I must admit to some professional jealously. Recently I have had reasons to visit some of our local mega churches.  As a good ELCIC Lutheran I have been trained to despise these places. To be honest while I was there, I was actually quite impressed. Most of the people I met were sincere Christians, the music, the worship, the preaching all were good. Actually more then good, they were spectacular.  I wondered if we could become so spectacular? Jealously welled up in me. Which is a good warning that I was on the wrong track.

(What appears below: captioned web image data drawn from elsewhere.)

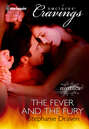 The Fever and the Fury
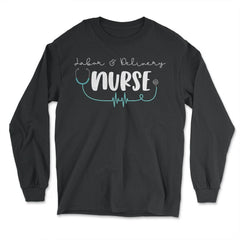 Funny Labor & Delivery Nurse L&D RN Nurse Practitioner design - Long Sleeve T-Shirt - Black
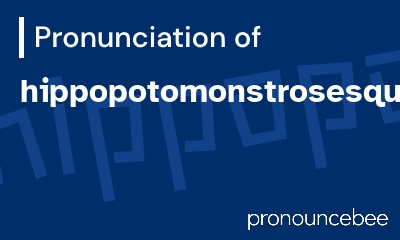 how to pronounce hippopotomonstrosesquipedalian feature image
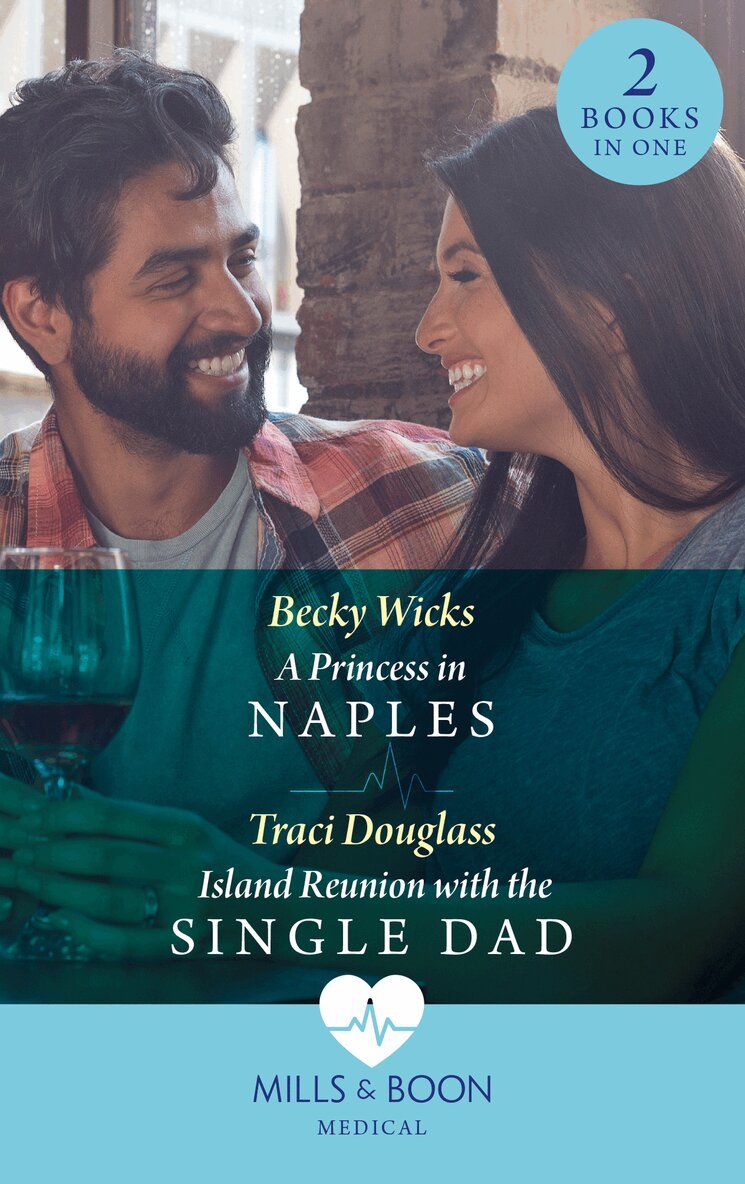 Becky Wicks, Traci Douglass - Princess In Naples / Island Reunion With The Single Dad, E-bok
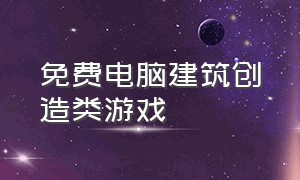 免费电脑建筑创造类游戏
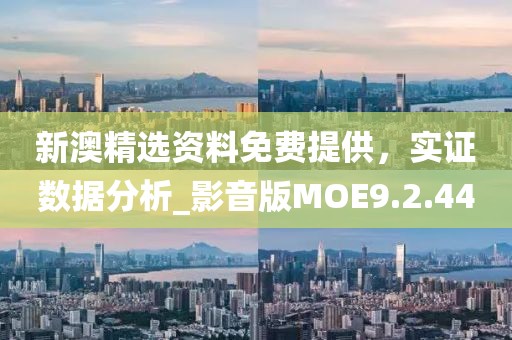 新澳精選資料免費提供，實證數據分析_影音版MOE9.2.44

An important correction came in the form of a book that was lent to be as I have been traveling though the desert. It is one of the finest and most beautiful books I have ever read. It is called The Wisdom of the Poverello. It is about Saint Francis as he walked though his own desert.  In it I found the wisdom that I had forgotten. That it is not in our spectacular worship, or buildings or programs that God is most clearly proclaimed. Rather it is in our poverty. It is when we have allowed our selves to be become empty, and filled only by our desire for God and by God’s own self.

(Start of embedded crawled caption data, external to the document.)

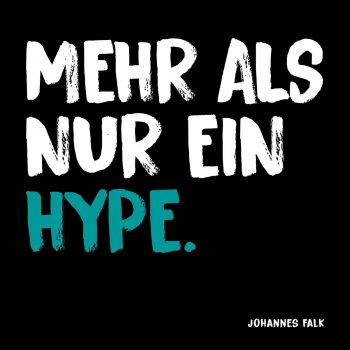 Johannes Falk Mehr als nur ein Hype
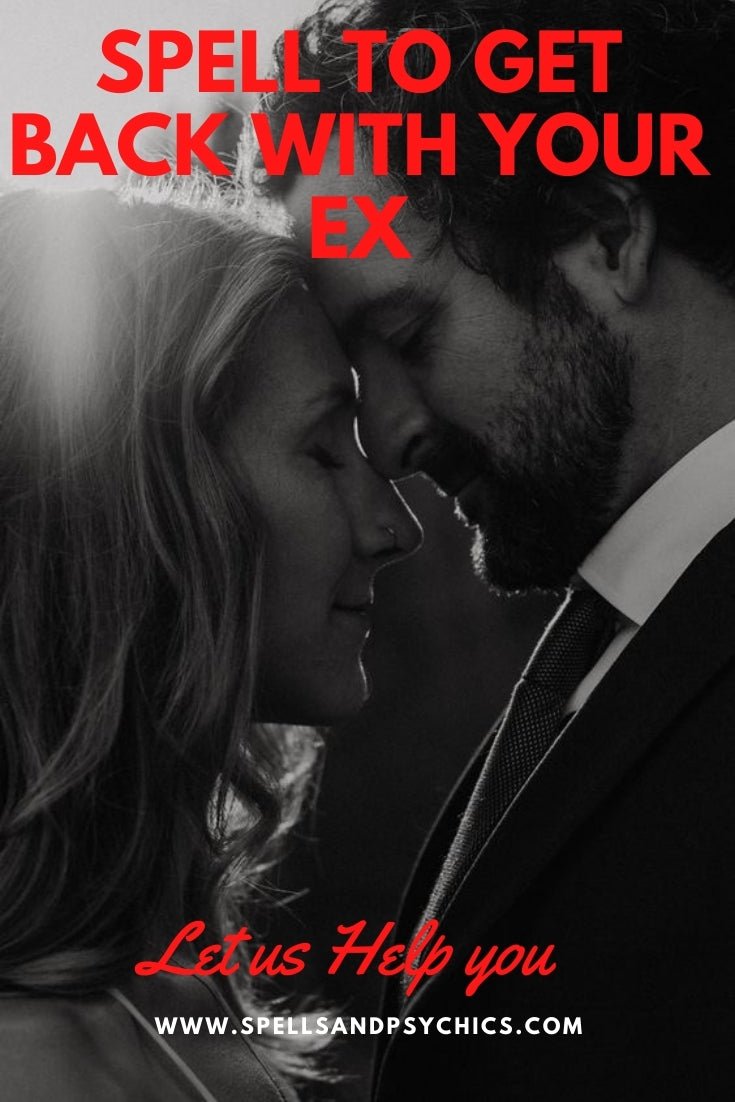 Use This Spell to Get Back With Your Ex Instead of Free Love Spells - Spells and Psychics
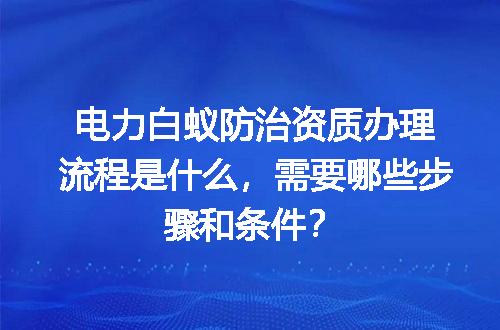 电力白蚁防治资质办理流程是什么，需要哪些步骤和条件？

As the Poverello says “sanctity is not developing oneself to the utmost, nor is it an achievement of one’s own doing. It is at first a void which one discovers in oneself and accepts and which God then comes to fill in proportion to how much one makes one’self receptive to God’s bounty.” Then the evangelical moment comes, when from our poverty, our emptiness and simplicity God shines though us.

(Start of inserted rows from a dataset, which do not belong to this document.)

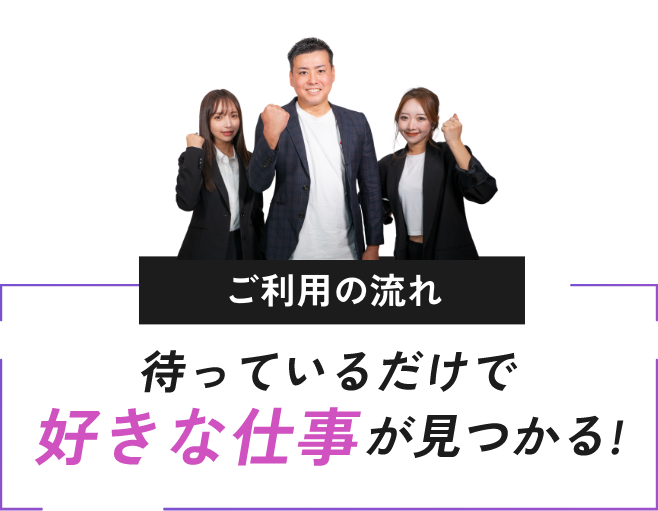 ご利用の流れ - 待っているだけで好きな仕事が見つかる！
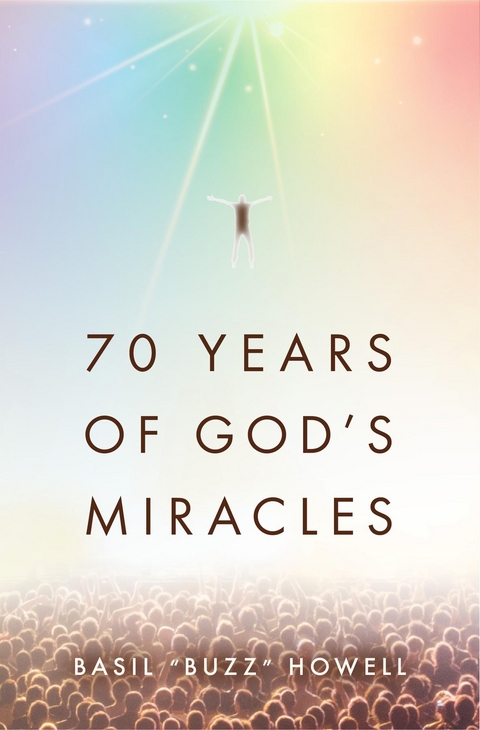 70 Years of God's Miracles - Basil "Buzz" Howell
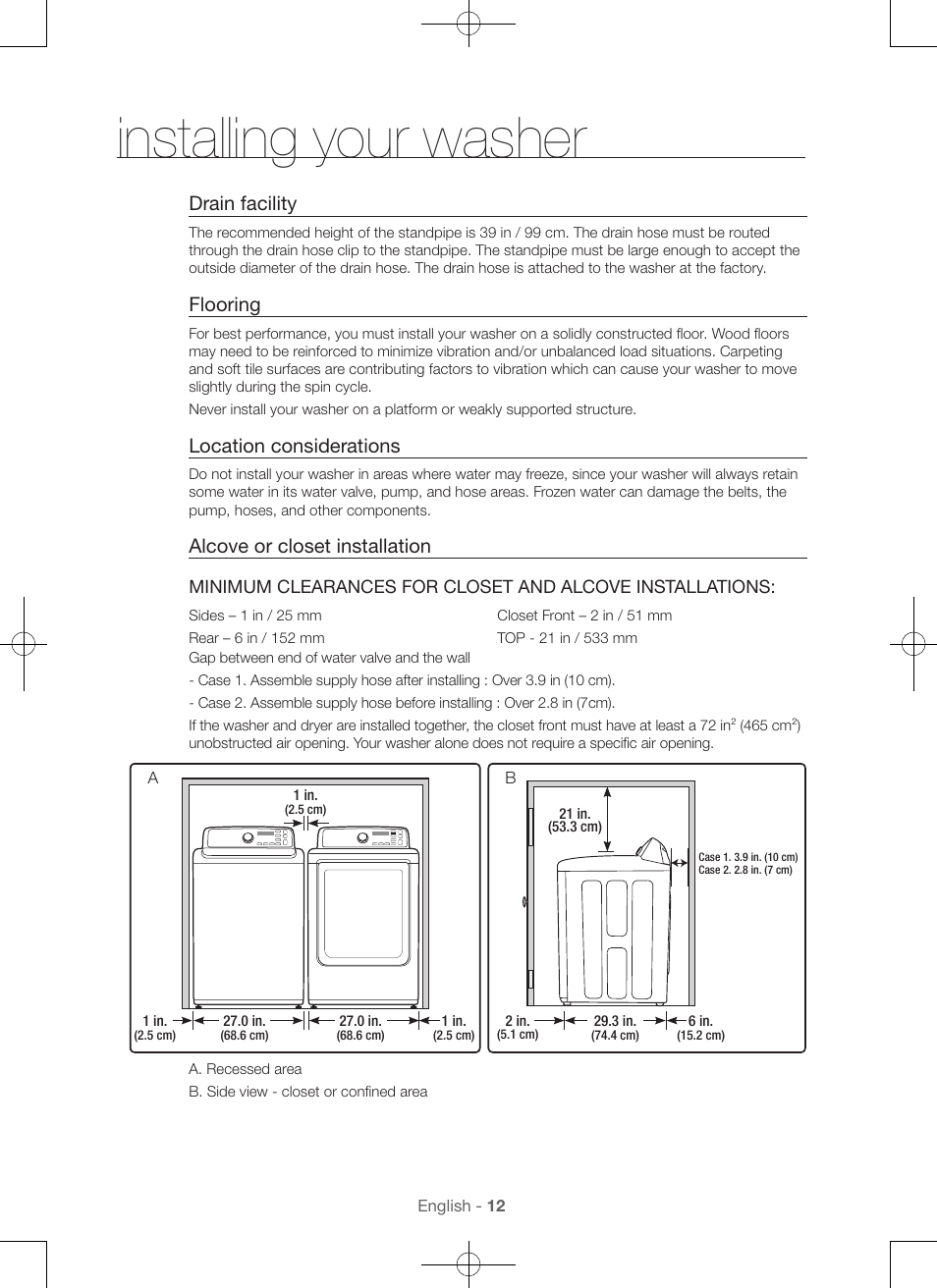 Installing your washer, Drain facility, Flooring | Location considerations, Alcove or closet installation | Samsung WA45H7000AW-A2 User Manual | Page 12 / 132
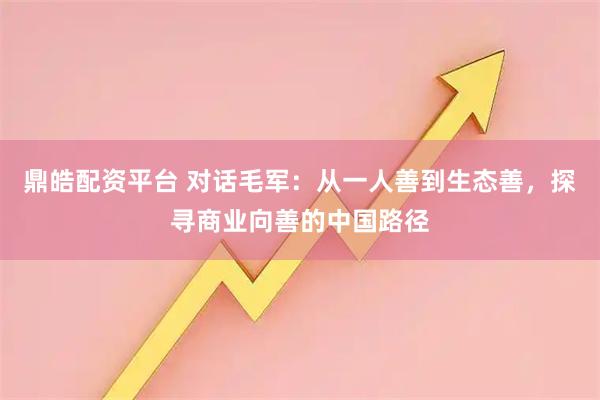 鼎皓配资平台 对话毛军：从一人善到生态善，探寻商业向善的中国路径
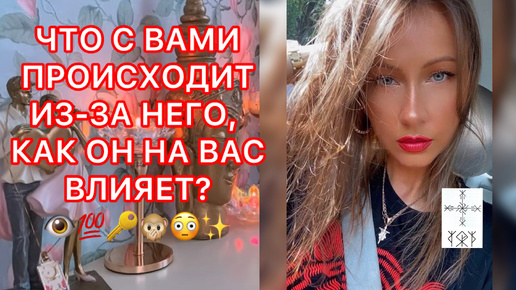 🛸ЧТО С ВАМИ ПРОИСХОДИТ ИЗ-ЗА НЕГО, КАК ОН НА ВАС ВЛИЯЕТ?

May we again become a simple and poor church so that the light of God might shine through us.


2 Responses to What if we became poorer?

  1. Scott says:

    Thanks Ryan,
    This is why I still believe that the best ministry is done over a cup of tea or coffee.

  2. revcowboy says:

    Or perhaps some bread, a cup of wine and a word between friends.

    Thanks for the thoughts Ryan. One of the most important reminders, for me, of our poverty in ministry is that from the very first adult study session that we started, the folks who came brought a small bit of food to share (without ever being asked). A few cookies, some bread, a few slices of cake. What is amazing that each brought enough food that can be eaten on their own, but when shared together there is always more than we can finish.